The Debtors were forced into involuntary bankruptcy by creditors Arthur Anderson & Co., Northern Trust Co., Richard F. Fagan & Sons, Inc., Glenbrook Industrial Park and Field on August 26, 1994. Ibar filed two proofs of interest and fourteen proofs of claim against the Debtors' jointly administered estates.
On March 1, 1995, a hearing was held on Ibar's motion to withdraw his claims after Field had filed objections thereto. The Bankruptcy Court signed an order (the "March 3, 1995 Order") granting Ibar's motion with prejudice to the future assertion of claims against the Debtors and "to any future assertion by Ibar of derivative claims against the following individuals [including Field]" (emphasis added), but without prejudice to claims against any party other than the Debtors.
By order dated March 8, 1995 (the "Confirmation Order"), the Bankruptcy Court confirmed the Debtors' Second Amended Plan of Reorganization. The Amended Plan provided that all allowed claims were paid in full, all prepetition interests were canceled and Field acquired 100% of the equity interests in the Reorganized Debtors.
THE CONTEMPT MOTIONS
Contempt Motion I
It appears that post-confirmation controversy began with a May 16, 1995 letter from appellee William Bierce on behalf of Ibar and/or his French company, Solomat, S.A. to a representative of Reorganized Debtors and Field. Therein and thereafter claims and settlement demands were made orally and in correspondence over a period of many months. Although no action or proceeding of any kind had been commenced by Ibar/Solomat, S.A., on May 29, 1997 Reorganized Debtors filed Contempt Motion I with the Bankruptcy Court apparently to hold Appellees or some of them in contempt solely on account of their written and oral assertions and demands. A hearing was held on June 25, 1997, but Contempt Motion I was not decided until the August 3, 1998 Order denying Contempt Motion I which is here on appeal.[1]

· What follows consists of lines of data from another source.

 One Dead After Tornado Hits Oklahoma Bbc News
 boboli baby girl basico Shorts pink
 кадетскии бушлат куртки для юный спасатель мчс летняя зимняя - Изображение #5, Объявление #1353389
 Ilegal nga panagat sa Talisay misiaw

Contempt Motion II and Contempt Motion III
On May 30, 1997, Ibar commenced an action solely against Field in the Supreme Court of the State of New York, New York County, J.P. Ibar v. Marshall Field ("New York Action") for breach of fiduciary duty and other wrongdoing. On June 25, 1997 the Reorganized Debtors, although not defendants in the New York Action, filed Contempt Motion II in the Bankruptcy Court alleging that Ibar violated the March 3, 1995 Order and the Confirmation Order by commencing the New York Action. On July 17, 1997. Ibar removed the New York Action to the United States District Court, Southern District of New York (Chin, J.).

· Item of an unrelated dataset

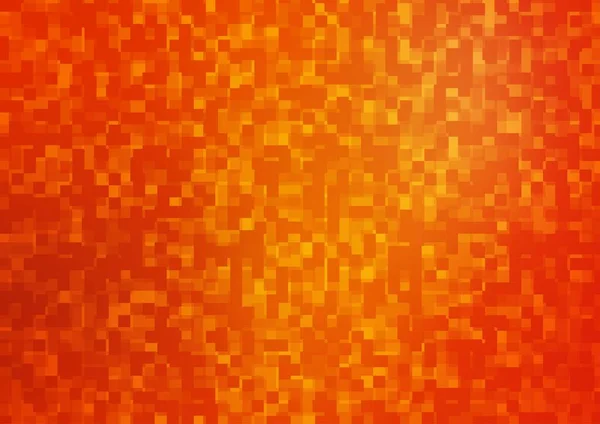 Light Orange Διανυσματικό Μοτίβο Τετράγωνο Στυλ Glitter Αφηρημένη Εικόνα Ορθογώνια — Διανυσματικό Αρχείο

On October 28, 1997 the Bankruptcy Court held a hearing on Contempt Motion II and ruled as follows (the "October 28 Oral Order"):
It is clear to the Court, having read the complaints filed in the New York proceeding that has been referenced here in its present form, without, obviously reference to any amendment or particularization which may be filed in the future, it is clear that complaint violates both the March 3rd 1995, order of this Court and the March 5th, 1995 [sic; should be March 8, 1997], order of confirmation, those orders being violated, in effect, individually and/or collectively.
*153 Mr. Ibar will be sanctioned for that filing in the amount of ten thousand dollars payable within ten days, that is, on or before November 14th. He will be further sanctioned following the expiration of five days from this order, that is, on November 5th, by additional sanctions in the amount of twenty-five hundred dollars each day thereafter that he continues to pursue that claim.

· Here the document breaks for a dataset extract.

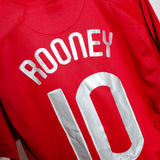 Manchester United 2008-09 Rooney Home Kit (XL)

Transcript at pp. 159-60. At the same hearing, the Bankruptcy Court denied Contempt Motion II with regard to all Appellees other than Ibar. The Bankruptcy Court also stated that Ibar had the right to amend the complaint and continue the prosecution of the New York Action so long as he did not thereby violate the Bankruptcy Court orders. But on the very next day, October 29, 1997, the Bankruptcy Court held a telephonic hearing in which the Court sua sponte modified the October 28 Oral Order to vacate the monetary penalties imposed upon Ibar.[2]
Ibar filed an amended complaint in the New York Action dated November 5, 1997, which also named only Field as defendant. The amended complaint alleged that Field had breached his fiduciary duty to Ibar and asserted claims for intentional infliction of emotional distress, abuse of process, malicious prosecution and prima facie tort. On November 18, 1997, the Reorganized Debtors filed Contempt Motion III in the Bankruptcy Court seeking to hold Ibar and the other Appellees in contempt for filing the amended complaint.
Relevant Proceedings in 1998
On November 21, 1997, Ibar moved to vacate the October 28 Oral Order. After further motions and hearings, on March 2, 1998 the Bankruptcy Court entered an order vacating the October 28 Oral Order and the October 29 modification thereof (the "March 2 Vacatur Order") "without prejudice to reenter in whole or in part, or in modified form, and with nunc pro tunc effect, if appropriate, following further consideration of" all the Contempt Motions.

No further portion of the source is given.